## Supplied data

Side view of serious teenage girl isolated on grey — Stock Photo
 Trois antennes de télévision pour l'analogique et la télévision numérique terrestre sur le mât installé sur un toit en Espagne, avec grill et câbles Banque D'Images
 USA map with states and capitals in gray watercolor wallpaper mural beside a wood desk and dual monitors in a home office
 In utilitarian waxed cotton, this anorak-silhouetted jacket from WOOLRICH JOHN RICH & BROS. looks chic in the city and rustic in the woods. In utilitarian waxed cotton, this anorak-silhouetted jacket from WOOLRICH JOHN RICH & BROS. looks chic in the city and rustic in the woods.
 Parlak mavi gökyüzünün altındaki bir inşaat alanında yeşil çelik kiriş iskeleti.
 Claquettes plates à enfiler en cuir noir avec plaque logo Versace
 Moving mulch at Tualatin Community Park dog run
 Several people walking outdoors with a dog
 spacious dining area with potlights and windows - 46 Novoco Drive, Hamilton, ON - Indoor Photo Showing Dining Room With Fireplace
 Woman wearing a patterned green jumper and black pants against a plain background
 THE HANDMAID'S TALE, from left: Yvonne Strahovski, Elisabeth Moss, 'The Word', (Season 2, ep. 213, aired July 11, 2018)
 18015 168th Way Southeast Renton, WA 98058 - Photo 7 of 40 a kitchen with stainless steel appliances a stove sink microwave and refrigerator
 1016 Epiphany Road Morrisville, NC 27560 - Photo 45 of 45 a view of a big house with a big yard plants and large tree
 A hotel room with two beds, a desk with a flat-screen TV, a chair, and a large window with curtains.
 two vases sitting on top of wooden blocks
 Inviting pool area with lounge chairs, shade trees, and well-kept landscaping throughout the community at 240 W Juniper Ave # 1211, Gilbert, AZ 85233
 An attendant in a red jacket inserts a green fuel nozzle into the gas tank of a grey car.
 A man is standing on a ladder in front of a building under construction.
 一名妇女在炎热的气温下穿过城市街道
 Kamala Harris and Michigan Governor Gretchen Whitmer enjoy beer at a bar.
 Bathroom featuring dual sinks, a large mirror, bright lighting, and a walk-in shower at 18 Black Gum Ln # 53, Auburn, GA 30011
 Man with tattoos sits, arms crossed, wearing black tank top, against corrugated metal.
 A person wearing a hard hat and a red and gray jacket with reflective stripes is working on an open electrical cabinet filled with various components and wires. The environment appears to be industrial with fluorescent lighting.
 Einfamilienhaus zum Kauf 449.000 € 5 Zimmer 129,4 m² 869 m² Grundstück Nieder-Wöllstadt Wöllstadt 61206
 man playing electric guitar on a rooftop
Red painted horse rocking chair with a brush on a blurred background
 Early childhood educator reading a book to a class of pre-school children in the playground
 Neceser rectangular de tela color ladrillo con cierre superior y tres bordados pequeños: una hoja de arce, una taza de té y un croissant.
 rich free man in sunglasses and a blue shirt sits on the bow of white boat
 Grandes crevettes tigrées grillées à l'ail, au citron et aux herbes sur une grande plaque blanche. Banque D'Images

## Task to carry out
Start at the first line of the material. Reproduce every line exactly, ending with the line that holds "USA map with".

## Finished exercise
Side view of serious teenage girl isolated on grey — Stock Photo
 Trois antennes de télévision pour l'analogique et la télévision numérique terrestre sur le mât installé sur un toit en Espagne, avec grill et câbles Banque D'Images
 USA map with states and capitals in gray watercolor wallpaper mural beside a wood desk and dual monitors in a home office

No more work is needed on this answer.